Il incarne les principes de justice et il met l’humanité au-dessus des
profits, ce qui est rare dans la politique amé ricaine. Il se
bat aussi contre la gentrification en cours dans le quartier de Decatur
et à Atlanta en général. Tout cela fait de lui une personne exemplaire
très appréciée. »
Située dans le cœur historique
de la classe moyenne noire d’Atlanta, l’église Ebenezer est fermée pour
cause de Covid. En ce dimanche postélectoral, les rues sont clairsemées.

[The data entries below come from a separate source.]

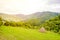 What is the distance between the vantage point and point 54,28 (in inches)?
289

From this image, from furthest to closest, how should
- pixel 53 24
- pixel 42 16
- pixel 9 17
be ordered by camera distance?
1. pixel 53 24
2. pixel 42 16
3. pixel 9 17

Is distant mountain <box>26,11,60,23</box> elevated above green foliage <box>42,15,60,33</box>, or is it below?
above

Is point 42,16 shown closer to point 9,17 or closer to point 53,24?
point 53,24

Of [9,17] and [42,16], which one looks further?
[42,16]

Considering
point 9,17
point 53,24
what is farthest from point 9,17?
point 53,24

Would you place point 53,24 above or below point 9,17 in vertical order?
below

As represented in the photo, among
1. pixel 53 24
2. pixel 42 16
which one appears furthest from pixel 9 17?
pixel 53 24

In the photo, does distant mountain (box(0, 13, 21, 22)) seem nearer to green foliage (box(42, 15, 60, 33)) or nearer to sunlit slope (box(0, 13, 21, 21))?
sunlit slope (box(0, 13, 21, 21))

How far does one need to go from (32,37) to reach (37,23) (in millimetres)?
1904

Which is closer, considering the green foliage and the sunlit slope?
the sunlit slope

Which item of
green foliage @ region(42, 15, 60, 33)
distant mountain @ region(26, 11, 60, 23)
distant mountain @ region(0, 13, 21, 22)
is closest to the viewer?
distant mountain @ region(0, 13, 21, 22)

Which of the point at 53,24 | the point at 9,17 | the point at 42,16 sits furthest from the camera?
the point at 53,24

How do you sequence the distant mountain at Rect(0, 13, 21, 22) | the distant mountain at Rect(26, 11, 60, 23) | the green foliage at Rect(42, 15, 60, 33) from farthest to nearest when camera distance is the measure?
1. the green foliage at Rect(42, 15, 60, 33)
2. the distant mountain at Rect(26, 11, 60, 23)
3. the distant mountain at Rect(0, 13, 21, 22)

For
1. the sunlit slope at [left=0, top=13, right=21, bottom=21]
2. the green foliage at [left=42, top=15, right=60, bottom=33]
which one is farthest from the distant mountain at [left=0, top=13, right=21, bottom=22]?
the green foliage at [left=42, top=15, right=60, bottom=33] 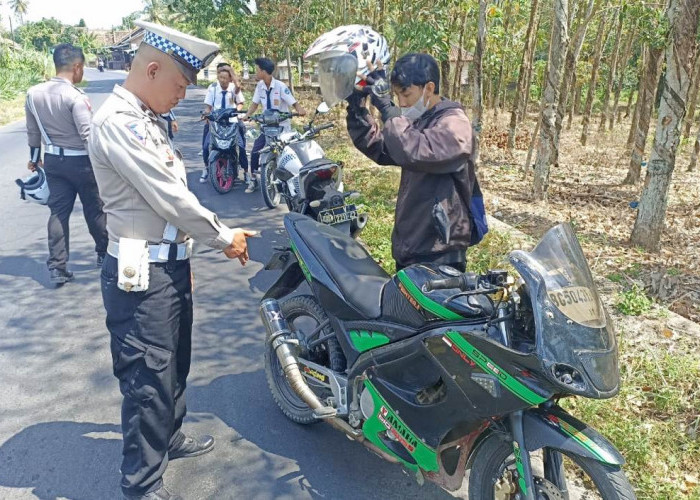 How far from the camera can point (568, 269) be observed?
1924mm

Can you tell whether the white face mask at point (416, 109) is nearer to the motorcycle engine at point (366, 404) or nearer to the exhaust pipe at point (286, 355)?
the exhaust pipe at point (286, 355)

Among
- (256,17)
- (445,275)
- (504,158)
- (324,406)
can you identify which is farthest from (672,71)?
(256,17)

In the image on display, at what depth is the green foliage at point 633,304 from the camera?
13.3ft

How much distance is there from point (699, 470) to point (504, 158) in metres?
11.1

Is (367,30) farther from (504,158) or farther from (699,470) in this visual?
(504,158)

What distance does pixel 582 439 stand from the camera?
186cm

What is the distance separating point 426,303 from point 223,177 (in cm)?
656

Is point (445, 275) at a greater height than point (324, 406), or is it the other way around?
point (445, 275)

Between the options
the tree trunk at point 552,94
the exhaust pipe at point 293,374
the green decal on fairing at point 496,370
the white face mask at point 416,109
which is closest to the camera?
the green decal on fairing at point 496,370

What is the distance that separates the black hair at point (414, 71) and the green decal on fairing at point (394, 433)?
1.58 m

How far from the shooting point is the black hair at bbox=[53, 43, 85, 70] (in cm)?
488

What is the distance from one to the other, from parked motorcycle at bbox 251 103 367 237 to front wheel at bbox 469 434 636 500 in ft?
9.53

« Les gens ont un peu la gueule de bois probablement », rit
Cortland Greer, membre d’une association de quartier qui s’est donné
pour mission ce matin de nettoyer les rues avec un groupe de jeunes
adolescents afro-américains « qui ont quelques problèmes de discipline ». Cet ingénieur de métier a bien conscience de l’enjeu des sénatoriales : « Si
la Géorgie n’élit pas les deux sénateurs démocrates, l’administration
n’aura pas la majorité au Sénat. J’ai envie d’y croire, mais ça va être
très serré. Le révérend a obtenu 33 % des voix. Si l’on agrège les 15 %
de voix obtenues par les autres candidats démocrates, on est presque ex
aequo avec les républicains, qui ont obtenu 47 %. Donc il va falloir
mobiliser encore plus qu’à ces éle ctions ! » Lui promet
de motiver tous ses réseaux et a immédiatement répondu à l’appel de
Stacey Abrams sur Twitter et à la télévision, qui a d’ores et déjà
invité les Géorgiens à se faire envoyer leur bulletin par courrier.
Cortland
Greer et ses jeunes ont suivi un peu plus tôt la messe du révérend
Warnock, diffusée en ligne. Dans son prêche, en costume cravate,
inspiré, souriant, le révérend fait quelques incursions politiques : « Nous
voici au lendemain de l’élection la plus importante de notre histoire,
et Dieu nous indique qu’il sait retourner les choses », tout en faisant référence à l’Évangile selon Luc («J’ai vu Satan, le père des mensonges, tomber du Paradis tel un éclair dans le ciel ») ou à celui de Matthieu («Le premier sera le dernier, et les derniers seront les premiers »). Pas
du genre à user de son influence à des fins personnelles, le révérend
rappelle simplement l’importance de l’entraide, invite à ne pas se
laisser entraîner dans la division, la peur, le matérialisme. À rester
optimiste, tout en appelant ses disciples à se lever, comme dans les
années 1960, pour « transformer à nouveau l’Amérique ».